Cheesy on the eyes
Aesthetics of architecture on campus do not live up to rich cultural history
While the eccentric sleep habits of students are widely celebrated, there is no reason to inundate campus with buildings so drab that visitors are hardly able to overcome the severe boredom the structures induce.

Texas A&M is an old campus with a rich history. The older buildings on campus reflect an era where designers paid attention to aesthetics.

Most of the buildings that have been standing in Aggieland for many decades are unique. All Faiths Chapel, one of the most attractive buildings on campus, resembles an open garden. Even the Academic Building, which was built with industrial strength concrete walls, is a distinctive edifice that is nice to look at even though it is practical.

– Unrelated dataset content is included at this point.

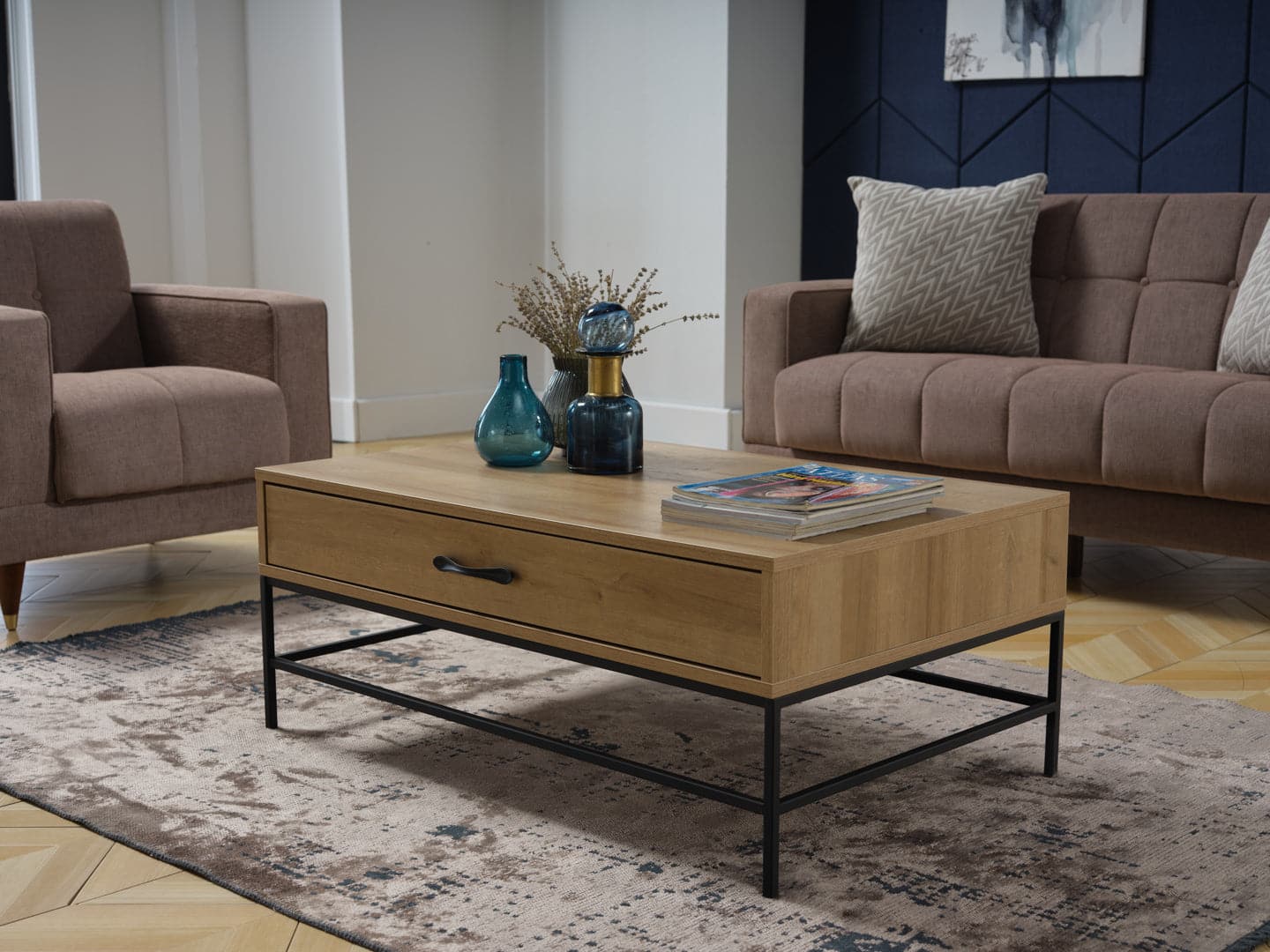 Drift Coffee Table - Home Store Furniture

Not all of the older campus buildings are outright beautiful, but they are still special. The MSC, close to thirty years old, was heavily criticized when it was first built. Students complained about the "bunker-style" wall in the main hallway, the bizarre designs on the walls upstairs and the expensive and gaudy cowhide benches. Though maybe unattractive, these features combine to make a distinctive building that is unique to A&M.

Unfortunately, recent additions to the campus landscape are not distinctive, but are better described as "monuments to the architect's boredom."

Most residence halls on campus are merely replicas of each other. If not for an occasional Legett or Hart, visitors would think they were wandering in circles as they tour campus.

The University has spent plenty of money on new campus buildings. Millions of dollars have gone to landscaping, maintenance and replacing the flowers near the Academic Building every time the weather changes, but the University skimps when it comes to aesthetic design. Most of the new buildings are heavy on angles and short on ornamentation.

There are a few hints of attractive design among the new campus structures. The Rec Center has a few rare components making it resemble an air traffic control tower. The Reed Arena has a few corners which have been rounded to make them less offensive. The George Bush Library, however, falls into both categories.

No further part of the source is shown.